It is defined in the Rome Statute, of which Uganda is signatory, as infliction of physical, mental pain to obtain information or confession for punishment, arbitrary detention, and persecutions on political or other grounds being illustrated as crimes against humanity
Recently, Kyadondo East MP Robert Kyagulanyi, aka Bobi Wine, who is currently undergoing specialised medical treatment in the US, wrote for the first time, narrating the physical and psychological torture he endured following his August 13 arrest by the Special Forces Command soldiers in Arua Town.
More than 30 people, including newly elected Arua Municipality MP Kassiano Wadri, were charged with treason over allegations of stoning President Museveni’s car.

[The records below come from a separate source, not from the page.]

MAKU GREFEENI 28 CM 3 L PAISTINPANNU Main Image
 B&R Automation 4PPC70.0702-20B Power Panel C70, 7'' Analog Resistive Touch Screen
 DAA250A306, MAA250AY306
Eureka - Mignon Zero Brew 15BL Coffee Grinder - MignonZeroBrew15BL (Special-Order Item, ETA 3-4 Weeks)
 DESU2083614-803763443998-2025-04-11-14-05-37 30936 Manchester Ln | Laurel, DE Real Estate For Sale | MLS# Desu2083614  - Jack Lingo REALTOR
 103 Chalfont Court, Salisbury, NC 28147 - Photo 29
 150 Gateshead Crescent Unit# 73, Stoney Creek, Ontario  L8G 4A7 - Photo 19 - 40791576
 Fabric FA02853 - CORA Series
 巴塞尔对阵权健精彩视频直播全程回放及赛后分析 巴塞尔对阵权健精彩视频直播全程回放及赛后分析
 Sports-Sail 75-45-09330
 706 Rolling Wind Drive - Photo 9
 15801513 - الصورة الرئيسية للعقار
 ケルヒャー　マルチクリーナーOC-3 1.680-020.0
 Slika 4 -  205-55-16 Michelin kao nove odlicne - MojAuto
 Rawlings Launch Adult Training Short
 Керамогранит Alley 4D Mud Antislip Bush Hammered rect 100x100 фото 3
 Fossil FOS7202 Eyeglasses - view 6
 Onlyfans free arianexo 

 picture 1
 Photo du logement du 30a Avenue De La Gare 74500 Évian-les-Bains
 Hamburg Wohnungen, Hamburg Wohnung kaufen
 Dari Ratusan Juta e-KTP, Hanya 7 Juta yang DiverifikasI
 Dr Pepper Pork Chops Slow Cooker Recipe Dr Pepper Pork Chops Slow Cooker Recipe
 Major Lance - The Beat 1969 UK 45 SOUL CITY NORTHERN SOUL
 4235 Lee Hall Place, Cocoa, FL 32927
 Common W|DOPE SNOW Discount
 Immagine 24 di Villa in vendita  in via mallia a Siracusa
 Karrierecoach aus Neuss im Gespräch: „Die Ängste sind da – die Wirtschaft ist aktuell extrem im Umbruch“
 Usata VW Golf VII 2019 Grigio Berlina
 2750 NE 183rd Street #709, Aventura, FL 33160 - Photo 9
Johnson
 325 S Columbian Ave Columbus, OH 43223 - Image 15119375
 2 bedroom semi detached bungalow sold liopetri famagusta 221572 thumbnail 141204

“They beat me, punched me and kicked me with their boots. No part of my body was spared. They hit my eyes, mouth and nose. They hit my elbows and knees. They pulled my manhood and squeezed my testicles while punching me with objects,” Bobi Wine wrote.
“They pulled off my shoes, hit my ankles with pistol butts and stole my wallet, phone and money. They forced my head below the car seat, hitting my genitals with objects. I continued to groan in pain and someone hit the back of my head with an object. The time I became conscious again, I was somewhere in a small room with a small window.”
“My legs were tied together with my hands with very tight cuffs. I was bleeding from the nose and ears. I was in great pain. My whole body was swollen. I was shaking uncontrollably. I cannot wish what happened to me on anyone, not even President Museveni.”
In response to the torture allegations, the army spokesperson Brig Richard Karemire said: “We don’t torture people like that and an inquiry into the alleged misconduct was constituted. Every officer will be individually held accountable.”
It was difficult not to be stunned by the horrendous and painful accounts of MP Kyagulanyi’s story. By contrast, 55 years ago on the November 22, 1963, United States president John F. Kennedy was shot dead in an open-car motorcade in Dallas as he drove through a crowd of several thousand people.
An hour later, Lee Harvey Oswald was arrested by the police. Oswald was arraigned in court the next day and charged with the murders of president Kennedy and police officer J.D. Tippit.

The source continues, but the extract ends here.